佐藤志樹氏【週明けの日経平均大幅反発、もみ合い上放れか】(2) <相場観特集>
―中銀ウィーク通過、ここからの相場展望と個別株戦略―
31日の東京株式市場は、日経平均株価が一時600円以上の上昇をみせるなど大幅反発し、フシ目の3万3000円ラインを突破した。前週末は取引時間中に800円を超える下落をみせるなど波乱含みの地合いだったが、大引けにかけ急速に下げ渋り、きょうは前週末の米ハイテク株高と為替の円安進行を受け一転してリスク選好ムードの強い相場となった。果たしてこの流れは続くのか。ここからの全体相場の見通しと個別物色の方向性について、先読みに定評のある市場関係者2人に聞いた。
●「好調な企業業績を背景に8月は上値指向」
佐藤志樹氏(東洋証券 ストラテジスト)
週明けの東京株式市場は、米株高と円安を追い風に大きく強気優勢に傾いたが、向こう1ヵ月を展望した場合、8月相場も基本的に上値指向の強い地合いが続くとみている。前週は日米欧の中央銀行が金融政策発表を相次いで行い、マーケットの視線が集中したが、日銀を除けば想定通りの結果で、全体株価への影響は限られた。一方、日銀の金融政策については現状維持を見込んでいた向きが大勢を占めていただけに株式市場や為替市場に波乱が及んだが、イールドカーブ・コントロール(YCC)の柔軟化は曖昧ながら政策変更まではいかない内容で、相場の大勢トレンドを揺るがすものではないと考えている。

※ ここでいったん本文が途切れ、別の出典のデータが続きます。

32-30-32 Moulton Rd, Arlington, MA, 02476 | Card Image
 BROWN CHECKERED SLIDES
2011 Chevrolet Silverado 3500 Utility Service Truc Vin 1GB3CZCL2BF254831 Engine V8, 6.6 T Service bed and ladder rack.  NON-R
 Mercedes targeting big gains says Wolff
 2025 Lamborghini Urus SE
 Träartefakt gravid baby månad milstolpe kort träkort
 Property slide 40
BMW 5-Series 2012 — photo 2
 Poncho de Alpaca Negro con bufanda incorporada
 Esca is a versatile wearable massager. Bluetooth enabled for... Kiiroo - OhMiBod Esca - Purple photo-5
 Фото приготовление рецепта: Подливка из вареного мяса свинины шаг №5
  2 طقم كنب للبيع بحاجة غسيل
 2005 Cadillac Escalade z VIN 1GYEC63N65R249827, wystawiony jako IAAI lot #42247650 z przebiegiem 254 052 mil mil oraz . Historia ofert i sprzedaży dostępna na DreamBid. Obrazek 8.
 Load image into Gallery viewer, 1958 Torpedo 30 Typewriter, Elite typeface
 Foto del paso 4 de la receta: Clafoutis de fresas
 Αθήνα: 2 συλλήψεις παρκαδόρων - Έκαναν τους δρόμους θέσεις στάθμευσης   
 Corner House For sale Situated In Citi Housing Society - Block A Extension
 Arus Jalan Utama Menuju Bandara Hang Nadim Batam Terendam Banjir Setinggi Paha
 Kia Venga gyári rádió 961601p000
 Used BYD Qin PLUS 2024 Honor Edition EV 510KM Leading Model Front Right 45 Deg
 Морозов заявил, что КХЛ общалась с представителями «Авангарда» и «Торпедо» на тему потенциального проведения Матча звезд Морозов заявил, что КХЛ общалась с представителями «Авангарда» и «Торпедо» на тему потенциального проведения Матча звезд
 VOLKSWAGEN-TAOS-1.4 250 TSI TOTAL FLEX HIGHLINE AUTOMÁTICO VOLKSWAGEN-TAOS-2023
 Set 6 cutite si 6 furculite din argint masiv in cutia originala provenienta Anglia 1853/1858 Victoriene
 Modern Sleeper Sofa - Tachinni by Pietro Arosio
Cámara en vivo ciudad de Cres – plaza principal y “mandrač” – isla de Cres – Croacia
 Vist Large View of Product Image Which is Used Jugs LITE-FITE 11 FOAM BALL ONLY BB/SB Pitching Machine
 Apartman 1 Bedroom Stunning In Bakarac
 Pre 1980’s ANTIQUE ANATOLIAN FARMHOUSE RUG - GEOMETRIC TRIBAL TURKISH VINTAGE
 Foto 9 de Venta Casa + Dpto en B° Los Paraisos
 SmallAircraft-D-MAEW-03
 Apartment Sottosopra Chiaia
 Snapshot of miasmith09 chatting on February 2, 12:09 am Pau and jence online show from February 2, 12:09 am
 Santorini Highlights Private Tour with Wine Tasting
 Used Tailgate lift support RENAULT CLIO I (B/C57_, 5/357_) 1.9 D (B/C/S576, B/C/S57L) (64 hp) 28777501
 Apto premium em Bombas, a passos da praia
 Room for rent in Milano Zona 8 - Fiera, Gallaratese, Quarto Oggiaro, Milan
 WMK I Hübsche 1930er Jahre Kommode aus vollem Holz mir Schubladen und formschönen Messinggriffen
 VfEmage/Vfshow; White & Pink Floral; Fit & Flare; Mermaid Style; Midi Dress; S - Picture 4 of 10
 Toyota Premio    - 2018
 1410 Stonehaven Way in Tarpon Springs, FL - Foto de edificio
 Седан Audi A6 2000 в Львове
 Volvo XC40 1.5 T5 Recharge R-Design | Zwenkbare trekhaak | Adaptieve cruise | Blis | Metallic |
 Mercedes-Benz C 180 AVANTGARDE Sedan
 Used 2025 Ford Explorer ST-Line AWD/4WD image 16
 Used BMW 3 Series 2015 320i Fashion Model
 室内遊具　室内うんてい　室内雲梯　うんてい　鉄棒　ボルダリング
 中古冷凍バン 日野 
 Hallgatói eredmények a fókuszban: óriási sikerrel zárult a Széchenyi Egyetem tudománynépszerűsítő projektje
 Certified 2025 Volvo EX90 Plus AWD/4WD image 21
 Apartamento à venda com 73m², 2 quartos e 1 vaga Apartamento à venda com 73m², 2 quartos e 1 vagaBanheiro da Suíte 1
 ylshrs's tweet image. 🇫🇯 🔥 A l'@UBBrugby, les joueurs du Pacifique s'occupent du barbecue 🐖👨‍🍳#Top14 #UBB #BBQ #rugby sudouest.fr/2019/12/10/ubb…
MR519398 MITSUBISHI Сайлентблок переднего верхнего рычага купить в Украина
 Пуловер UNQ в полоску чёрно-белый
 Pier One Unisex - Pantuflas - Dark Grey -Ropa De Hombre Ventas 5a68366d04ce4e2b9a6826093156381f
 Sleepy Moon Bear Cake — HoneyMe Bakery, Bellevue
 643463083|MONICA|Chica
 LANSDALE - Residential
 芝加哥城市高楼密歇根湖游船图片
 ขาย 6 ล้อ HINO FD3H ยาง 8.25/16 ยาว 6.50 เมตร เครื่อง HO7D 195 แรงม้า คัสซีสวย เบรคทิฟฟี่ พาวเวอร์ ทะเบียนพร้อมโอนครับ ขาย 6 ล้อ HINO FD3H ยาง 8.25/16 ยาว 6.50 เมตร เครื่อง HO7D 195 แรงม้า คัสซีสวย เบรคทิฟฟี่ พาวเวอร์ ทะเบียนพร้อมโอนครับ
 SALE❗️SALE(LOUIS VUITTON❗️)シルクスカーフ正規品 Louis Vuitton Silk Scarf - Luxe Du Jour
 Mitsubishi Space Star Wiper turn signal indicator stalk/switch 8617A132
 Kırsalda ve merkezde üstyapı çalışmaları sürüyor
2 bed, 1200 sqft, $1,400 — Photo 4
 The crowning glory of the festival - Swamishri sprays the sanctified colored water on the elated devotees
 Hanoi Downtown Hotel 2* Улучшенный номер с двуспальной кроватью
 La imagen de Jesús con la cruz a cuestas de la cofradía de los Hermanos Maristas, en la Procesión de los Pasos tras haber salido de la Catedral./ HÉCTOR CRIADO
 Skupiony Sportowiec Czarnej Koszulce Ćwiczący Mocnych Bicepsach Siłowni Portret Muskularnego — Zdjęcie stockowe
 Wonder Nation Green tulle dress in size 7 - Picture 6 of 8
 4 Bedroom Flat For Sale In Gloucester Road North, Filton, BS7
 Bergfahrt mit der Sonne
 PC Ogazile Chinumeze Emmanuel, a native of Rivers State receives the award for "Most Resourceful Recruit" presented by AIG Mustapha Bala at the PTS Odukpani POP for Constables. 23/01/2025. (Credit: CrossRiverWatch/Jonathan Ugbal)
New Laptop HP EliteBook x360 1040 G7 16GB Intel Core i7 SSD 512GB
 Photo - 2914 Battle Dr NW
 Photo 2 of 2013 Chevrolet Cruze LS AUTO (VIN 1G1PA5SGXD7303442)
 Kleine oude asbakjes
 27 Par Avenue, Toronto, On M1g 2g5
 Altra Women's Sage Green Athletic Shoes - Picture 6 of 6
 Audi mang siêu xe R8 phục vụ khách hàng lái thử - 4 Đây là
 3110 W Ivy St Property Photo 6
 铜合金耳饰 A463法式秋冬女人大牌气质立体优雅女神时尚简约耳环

日銀が同日に発表した展望リポートも先行きについてインフレの沈静化を示唆する内容だった。今後中期的にみた場合、企業による賃金引き上げ期待が徐々に高まるなか、継続的な2%のインフレとまではいかないものの、デフレから脱却したインフレ気味の経済環境が想定される。これは株式市場にとってはプラスに働きやすい環境といってよい。
国内企業の決算発表は概ね堅調が見込まれる。中国関連セクターは同国の景気減速が収益に影響を与えているが、中国政府の景気対策期待も日増しに高まっていることから、(24年3月期の)下期以降は政策効果が発現する可能性もある。全体相場は決算発表が一巡する8月中旬ごろまでは堅調な地合いが見込めるのではないか。日経平均はややボラティリティが高まっており、向こう1ヵ月のレンジとしては下値が3万2000円、上値が3万4500円程度を予想する。ただ、瞬間的には3万5000円をうかがうような強調展開もあり得るとみている。
個別の物色対象は生産回復が顕著となっている自動車とその周辺株をマーク。トヨタ自動車 <7203> [東証P]、ホンダ <7267> [東証P]のほか、ルネサスエレクトロニクス <6723> [東証P]、富士電機 <6504> [東証P]、デンソー <6902> [東証P]なども注目される。また、好決算の清水建設 <1803> [東証P]や鹿島 <1812> [東証P]など大手ゼネコン株にも目を配っておきたい。
(聞き手・中村潤一)
<プロフィール>(さとう・しき)
明治大学商学部卒。2013年東洋証券に入社。同年より、9年間個人投資家を中心とした資産アドバイザーを経験し、2022年4月より現職に。